Sampaleo




Ficção vs. Realidade
Eu, como muitos de vocês, conheci e me interessei pela Paleontologia através da ficção.
Eu ainda era uma criança quando assisti pela primeira vez o filme Jurassic Park e pensei: "nossa, isso é muito legal". Pronto. Foi o que precisava para eu me apaixonar pela Paleontologia.
Ainda que uma bela ferramenta de divulgação, é necessário compreender que a ficção nem sempre (para não dizer que muito raramente) condiz com a realidade da Paleontologia, dos seres que ela abrange e do trabalho de um paleontólogo propriamente dito.
Para ilustrar essa diferença, vamos tomar o filme Jurassic Park como exemplo.
Um dos destaques do filme (e do livro de mesmo nome, escrito por Michael Crichton) são os ferozes Velociraptors. Na obra, este dinossauro é representado como sendo um grande predator com feições e pele que lembram um lagarto e com cerca de 2 metros de altura. Mas na realidade...

Velociraptor como visto nos filmes da franquia Jurassic Park (Fonte)


Réplica de Velociraptor mongoliensis atualmente exposta no Museu de Zoologia da Unversidade de São paulo
O que devemos entender primeiro, é que o cinema, literatura e outras formas de entretenimento possuem uma certa liberdade artistica. Ou seja, podem modificar fatos com o objetivo de tornar a obra mais atraente ao público, muitas vezes utilizando da desculpa de serem obras de ficção. Portanto, ao mesmo tempo que não se pode julgar o filme pela forma que exibe oas animais, deve-se entender que em relação a muitos fatos, ele se distancia bastante da realidade.
Em relação ao Velociraptor, o que vemos na realidade é muito diferente. Ainda que certo em muitos aspectos, como o fato de serem predadores velozes e ferozes, os velociraptores apresentados em Jurassic Park possuem alguns traços inverídicos. O principal e mais notável é em relação a seu tamanho.
Em algumas cenas do filme, podemos ver o ator Sam Neil (intérprete do paleontólogo Alan Grant) ao lado de alguns velociraptores. Nelas, podemos notar que os animais aparecem mais altos que o ator. Considerando que Neil mede cerca de 1,80 metros de altura, podemos então estipular que os animais devem medir pelo menos 2 metros de altura no filme, mais que o triplo de sua altura real, que era de cerca de 60 centímetros.

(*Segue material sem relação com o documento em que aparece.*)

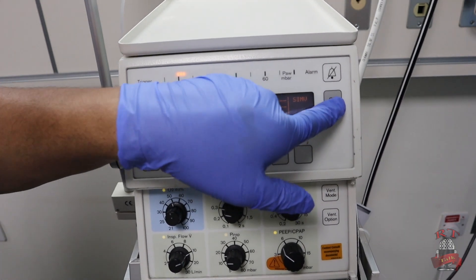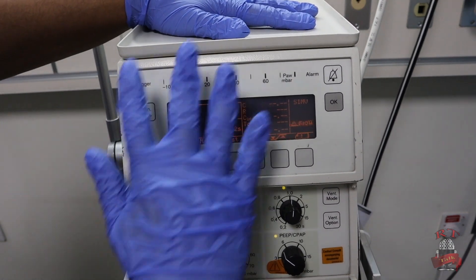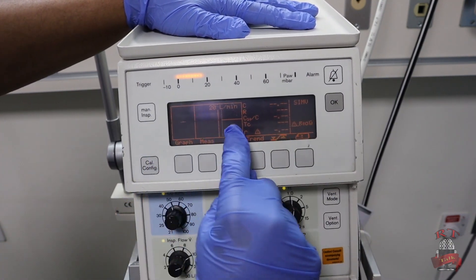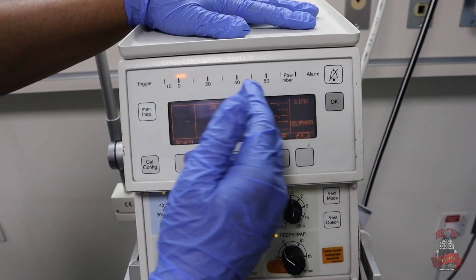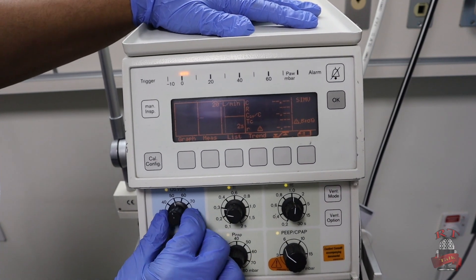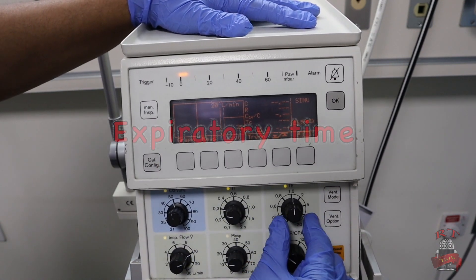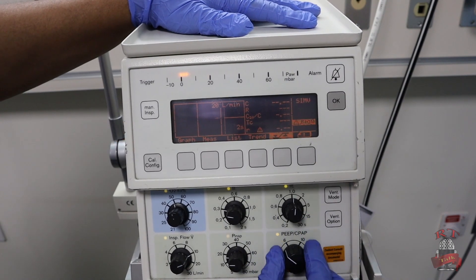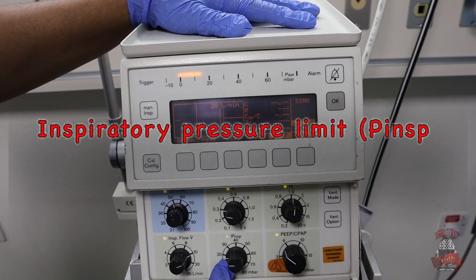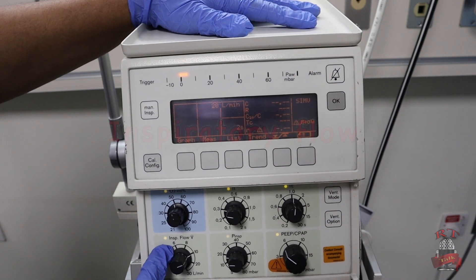We can remove all the alarms in the beginning. First we will explain the interface or the screen. Here we have our main screen — you can see your measurements, your settings, and everything. In the lower part you will find your controls: the percentage of oxygen (FiO2), your inspiratory time, your expiratory time. If you go down you will find PEEP and CPAP. On the left in the middle-down is inspiratory pressure, and in the left corner we have our inspiratory flow.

O paleontólogo Alan Grant, interpretado por Sam Neil, em comparação com os velociraptores da franquia em cena de Jurassic Park III (Fonte)
Outra discrepância entre o filme e a realidade é o fato de hoje termos fortes indícios de que os velociraptores na verdade possuiam penas. Características que remetem à presença de penas e até mesmo presença de estuturas que se assemelham às das aves que possuem penas de vôo já puderam ser observadas em alguns fósseis (embora acredite-se,pela sua fisiologia e porte, que estes animais, na verdade, não possuissem a habilidade de voar).
Embora a maioria destas descobertas ainda não tivessem sido feitas na época em que foi lançado o primeiro filme (1993) ou escrito o livro (1989), e considerando também que esta não era uma teoria fortemente discutida, podemos ''desculpar'' o fato dos velociraptores do primeiro filme não apresentarem tais estruturas. O erro se dá no fato de que a ausência das penas continua presente nos seguintes filmes da franquia (até mesmo no mais recente Jurassic World), sendo que apenas Jurassic Park III apresenta uma alusão à tal aspecto com uma pequena plumagem no topo da cabeça de alguns espécimes (como visto na foto acima).
O último grave erro em relação aos velociraptores se dá na questão de seu comportamento. Ainda que representados sempre como animais de alta inteligência e caçadores de bando (podendo até mesmo reconhecer outro ser como seu alpha, e manter uma relação baseada em respeito como mostrado em Jurassic World), tais informações não são um fato científico, uma vez que é muito difícil estipular traços de comportamento e caça a partir de descobertas fósseis. Dessa forma, não se pode afirmar com certeza qual seria o comportamento destes animais, nem em relação à caça, nem em relação com seu grupo.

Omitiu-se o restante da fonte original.